[REN #862] Housing Trends: First-Time Buyers Band Together

Housing Trends: First-Time Buyers Band Together, Real Estate News for Investors Podcast Episode #862

As homeownership gets more expensive, Millennials are getting more resourceful. The National Association of Realtors says the number of first-time buyers who bought homes with housemates doubled in 2019. It wasn’t a huge percentage, but some experts say it could be the future of housing — at least for people trying to buy their first homes.

NAR’s 2019 Profile of Home Buyers and Sellers shows that 4% of first-time homebuyers bought their homes with friends in 2019 compared to just 2% in 2018. (1) NAR’s Jessica Lautz says, “There are a lot of people looking at homes today and saying ‘I can’t afford this by myself. I’m (on a) single income… How can I get into a house?’”

She says Millennials are realizing that by finding compatible co-buyers, they’ll wind up with a more stable living situation that is also earning equity. By teaming up with co-buyers, they can pool their money for the down payment, trim their monthly mortgage obligations, and reduce the amount they spend on property taxes, insurance, maintenance, and repairs. 

Realtor.com says the idea made perfect sense for Kelsey Perkins who’s a single mother with two children. (2) She was able to buy a five-bedroom house outside of Denver with another single mom and a third co-buyer. The home was big enough for their extended family, and they could split all the expenses including a mortgage that cost just $900 each plus one-third of utilities.

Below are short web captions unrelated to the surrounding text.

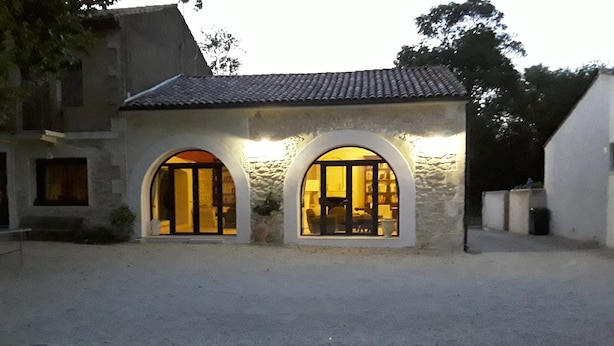 A building with two arched windows and a gravel courtyard.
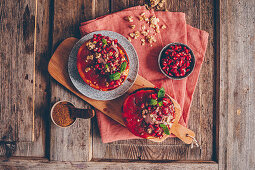 Gratinated grapefruit halves with yoghurt, muesli, pomegranate seeds and mint leaves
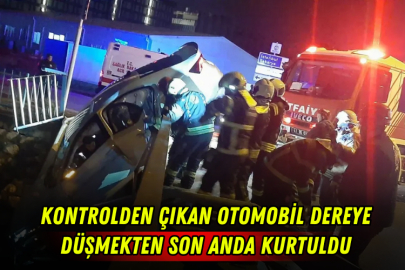 Kontrolden çıkan otomobil dereye düşmekten son anda kurtuldu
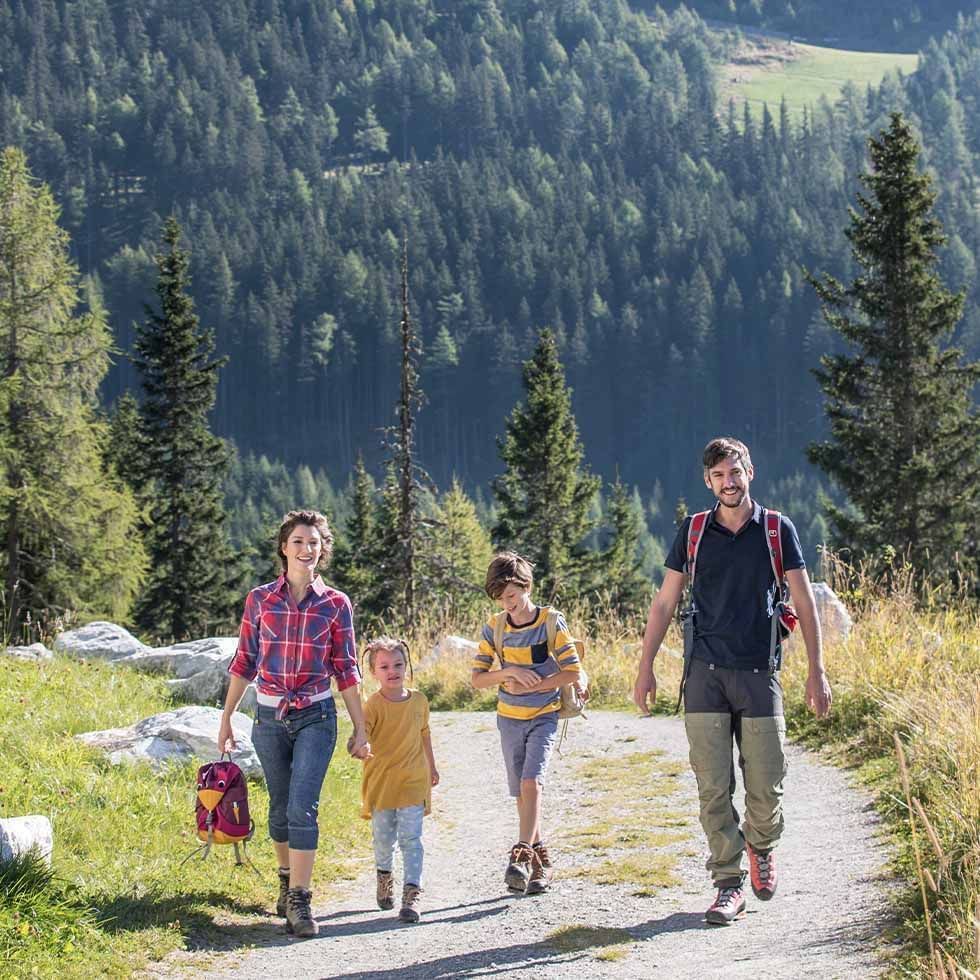 A family walking on a footpath near Falkensteiner Hotels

Perkins said of the deal, “What we could do collectively was much more than we could do individually.” She said, “It really made sense to us that if we were able to find a place that met everyone’s needs, we would be able to support each other.”

Choosing Your Co-Buyers

Choosing who you buy with will require some careful thought. As publishing company Nolo explains, “If you don’t fully think through the arrangement and set it up correctly, it could lead to financial and legal chaos, not to mention a damaged or broken relationship.” (3)

To help determine compatibility, you might want to discuss the household responsibilities, similar to roommates in a rental situation. Important considerations include: who’s responsible for collecting and paying the mortgage, who will oversee maintenance and repairs, what the rules will be for pets, houseguests and other visitors, and how you will decide on home decor and the buying of furniture. These arrangements are more casual than the signing of a sales agreement, but it’s a good idea to put them all in writing.

Co-Ownership Agreements

Once you have a compatible partner or group, you’ll need to decide on how you will hold the title for the home. The two main options are Tenants in Common and Joint Tenancy with Right of Survivorship.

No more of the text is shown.